This post is about how to generate uniformly distributed numbers thread safely and as fast as possible. It does involve randomness but we do not aim at generating cryptographically secured random numbers.

The use cases vary, but a common example is to pick an element from a slice uniformly for each HTTP request in an HTTP server.

Given the way the net/http library is, one cannot fiddle with the entrypoint before the request handling is launched in its own goroutine. So using a thread safe random number generator is necessary, which should be called from within each of the goroutine handling the HTTP request.

In my specific case, I needed this for github.com/qdm12/dns in order to pick uniformly an upstream DNS over TLS/HTTPs public provider URL for each DNS request… and also because I wanted it to be fast as a fun experiment!

Uniform distribution test

To verify our implementations do generate uniformly distributed numbers, we need a test to pass or fail.

The following test helper function is used to verify numbers modulo n produced by the function f are uniformly distributed:

func isUniformlyDistributed(t *testing.T, f func(n int) int) {
    t.Helper()

    const iterations = 100000
    const maxValue = 30

    numberToCount := make(map[int]int, maxValue)

    for i := 0; i < iterations; i++ {
        out := f(maxValue)
        numberToCount[out]++
    }

    targetGenerationsPerNumber := iterations / maxValue
    const maxPercentDivergence = 0.07

    for number := 0; number < maxValue; number++ {
        count := numberToCount[number]

        diff := targetGenerationsPerNumber - count
        if diff < 0 {
            diff = -diff
        }
        divergence := float64(diff) / float64(targetGenerationsPerNumber)
        if divergence > maxPercentDivergence {
            t.Errorf("Number %d was generated %d times, with a %.2f%% divergence from the target %d",
                number, count, 100*divergence, targetGenerationsPerNumber)
        }
    }
}

It runs the number generation function 10000 times, generating numbers modulo 30. The output is recorded and checked against the target count of 10000 / 30 = 333. If it diverges more than 7% from it, the test fails.
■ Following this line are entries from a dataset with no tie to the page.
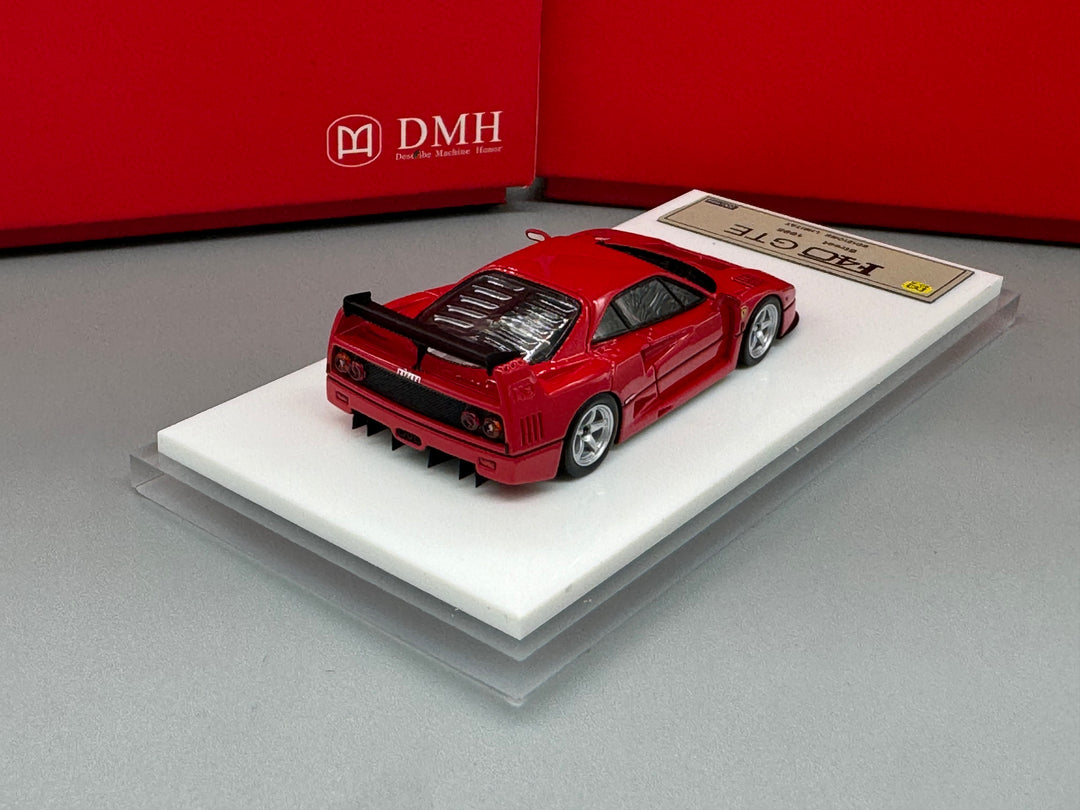 [Preorder] DMH 1:64 Ferrari F40 GTE (5 Colours)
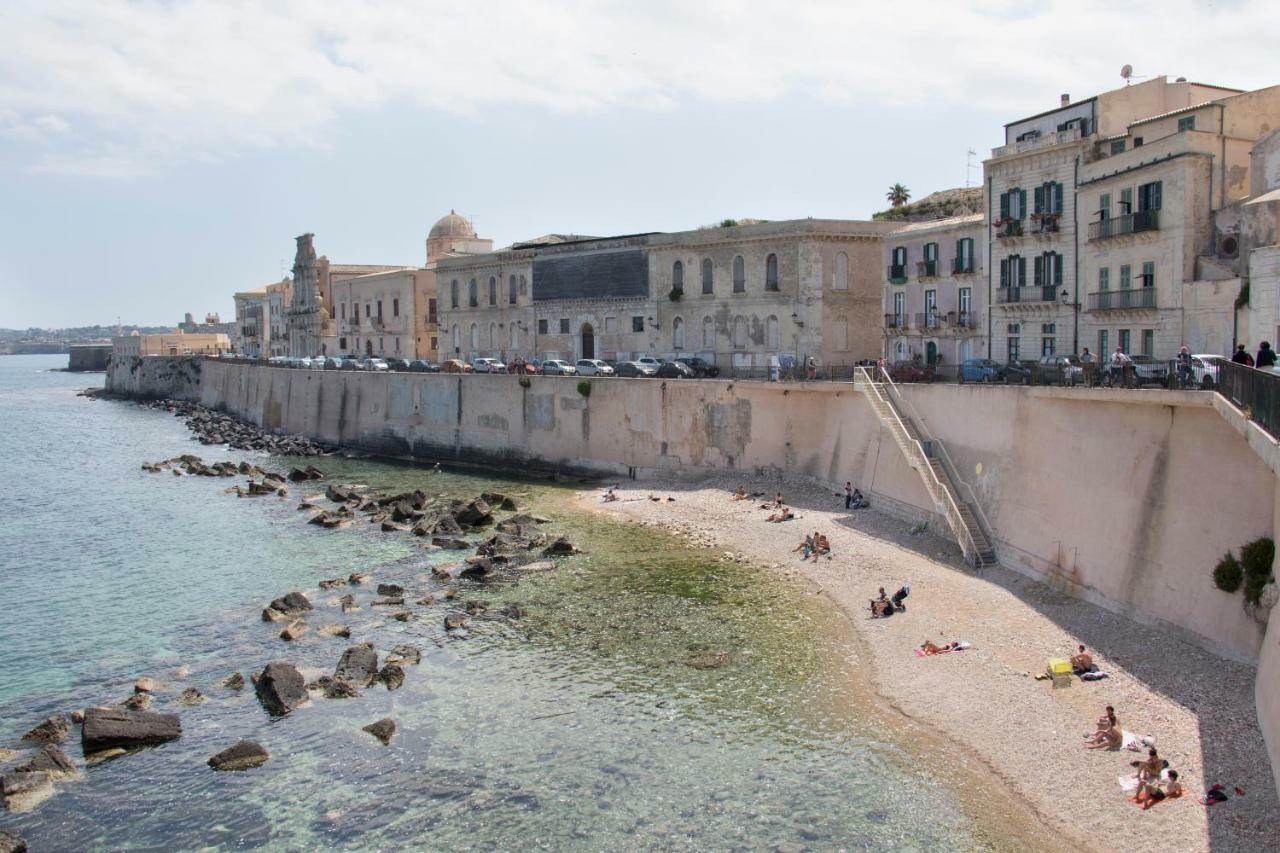 Residenze Dello Scirocco Villa Syracuse Bagian luar foto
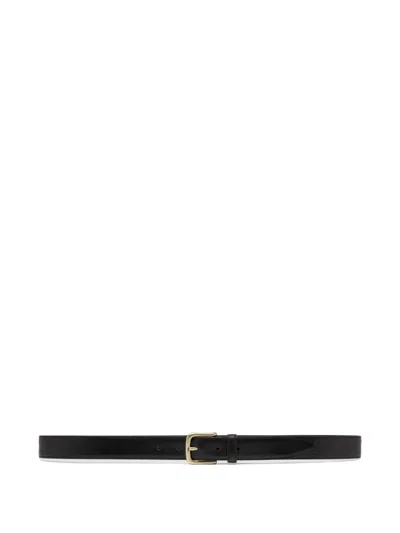 Officine Creative Smooth Leather Belt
I chose 10000 iterations, a modulo of 30 and a maximum divergence of 7% basing it on the minimum/maximum values possible using the cryptographically secured random generator crypto/rand:

func Test_CryptoRand(t *testing.T) {
    f := func(n int) int {
        buffer := make([]byte, 8)
        _, _ = cryptorand.Read(buffer)
        uintOut := binary.BigEndian.Uint64(buffer)
        out := int(uintOut)
        if out < 0 {
            out = -out
        }
        return out % n
    }
    isUniformlyDistributed(t, f)
}

Now each method described below will be tested with the same test helper to ensure it produces the same level of uniform distribution as the cryptographic random generator.
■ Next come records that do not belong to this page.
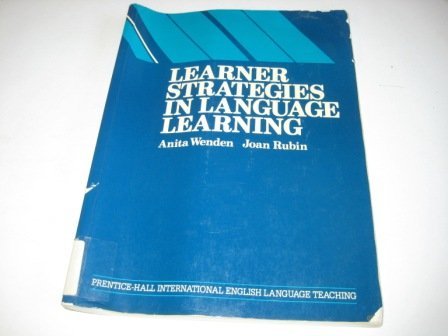 9780080334851: Learner strategies in language learning (Language teaching methodology series)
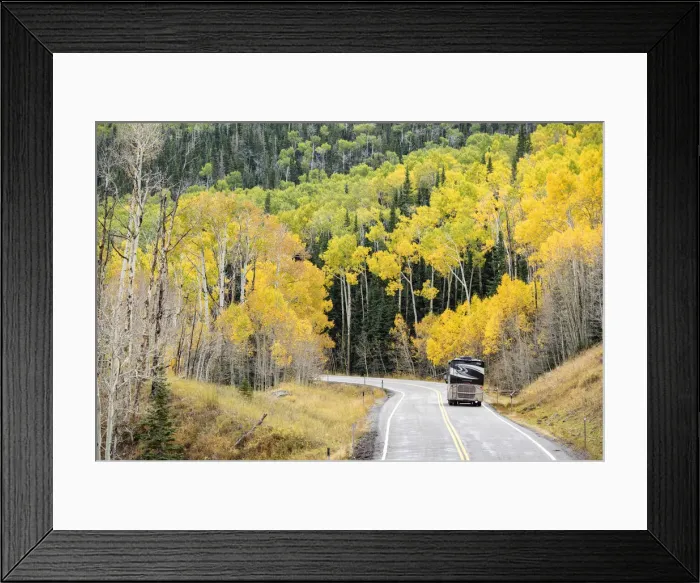 Framed Print : USA, Southwest, Colorado Plateau, Utah, Boulder, Dixie National forest along Highway 12 Framed Print : USA, Southwest, Colorado Plateau, Utah, Boulder, Dixie National forest along Highway 12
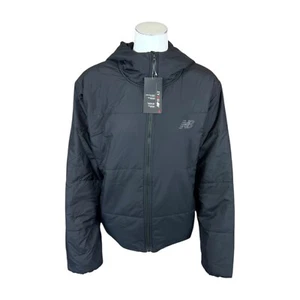 New Balance x Isaac Mizrahi Women's Puffer Jacket Black XX-Large Size - Picture 1 of 2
The final test file is available as a Github gist here

Benchmarking setup

Each benchmark will aim at finding an int between 0 and 100 picked uniformly.
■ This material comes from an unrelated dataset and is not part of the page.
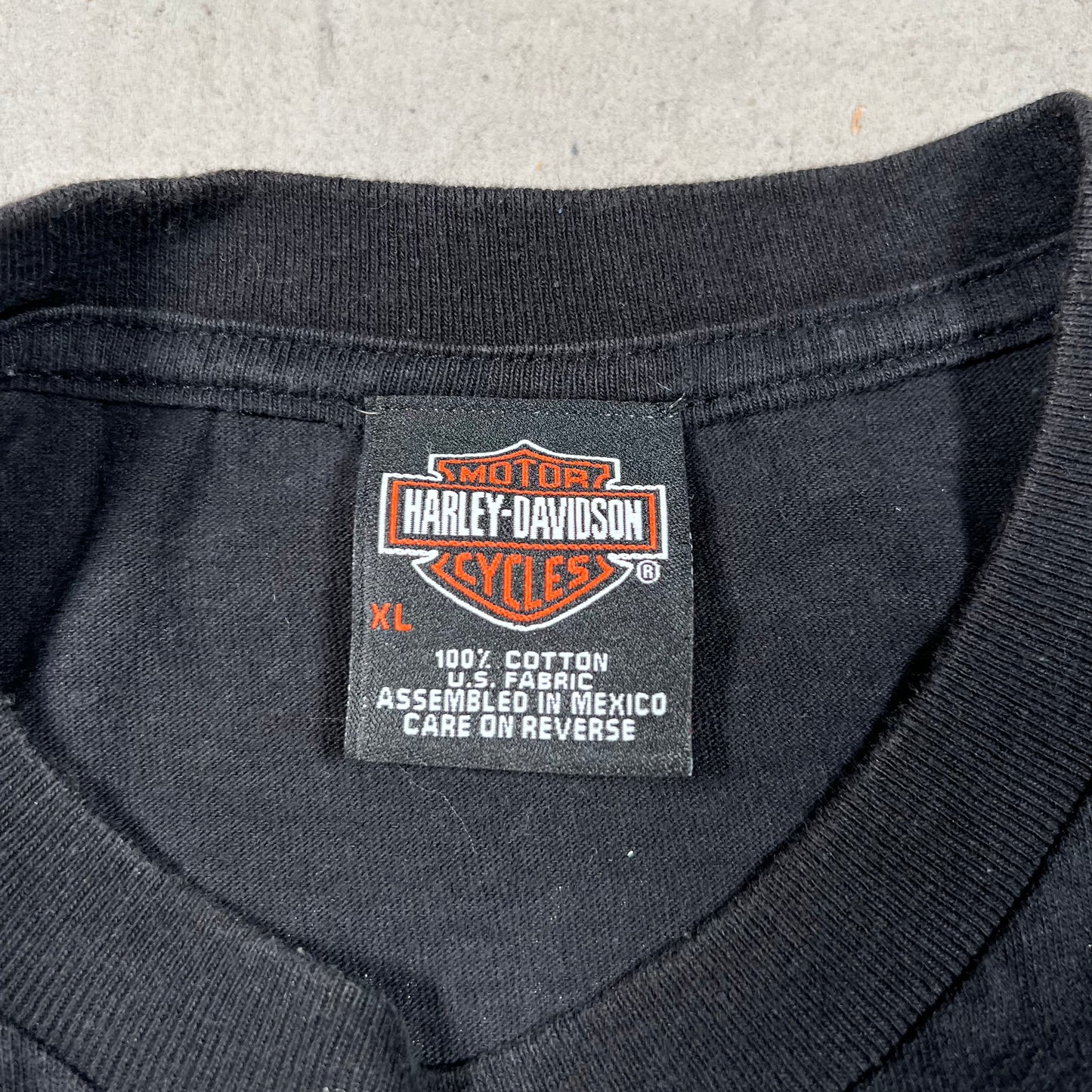2004 Harley Davidson Primary Color Motorcycles Size XL USED v19536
To benchmark each of these methods, we use Go’s b.RunParallel in order to test the performance with all the CPU cores active. This allows to check the performance impact of lock contention if for example a mutex is used.

The CPU used is an AMD Ryzen 5900X CPU with 24 virtual cores.

We also use a benchmarking wrapper to try difference CPU cores configuration:

func benchPerCoreConfigs(b *testing.B, f func(b *testing.B)) {
    b.Helper()
    coreConfigs := []int{1, 2, 4, 8, 12, 18, 24}
    for _, n := range coreConfigs {
        name := fmt.Sprintf("%d cores", n)
        b.Run(name, func(b *testing.B) {
            runtime.GOMAXPROCS(n)
            f(b)
        })
    }
}

The full benchmark Go source file is available as a Github gist here

For each method tried, there are:

  • a runnable benchmark piece of code
  • a table showing the benchmark results
    • Nanoseconds per operation Ns/op for the following CPU cores configuration:
      • Using 1 core
      • Using 2 cores
      • Using 4 cores
      • Using 8 cores
      • Using 12 cores
      • Using 18 cores
      • Using 24 cores
    • Bytes allocated per operation B/op
    • Allocations per operation allocs/op
  • a description on how it works
  • an observation on its performance

Using crypto/rand

func BenchmarkCryptoRandGenerator(b *testing.B) {
    benchPerCoreConfigs(b, func(b *testing.B) {
        b.RunParallel(func(b *testing.PB) {
            for b.Next() {
                buffer := make([]byte, 8)
                _, _ = cryptorand.Read(buffer)
                outUint64 := binary.BigEndian.Uint64(buffer)
                out := int(outUint64)
                if out < 0 {
                    out = -out
                }
                _ = out % 100
            }
        })
    })
}
NS/opB/opallocs/op
CPU cores124812182400
Ns/op764021118.88.68.9

crypto/rand performance plot

This approach is thread safe but gathering cryptographically secured bytes is quite slow. It however scales proportionally with the number of CPU cores active, reaching its peak performance with 12 cores at approximately 9ns/op.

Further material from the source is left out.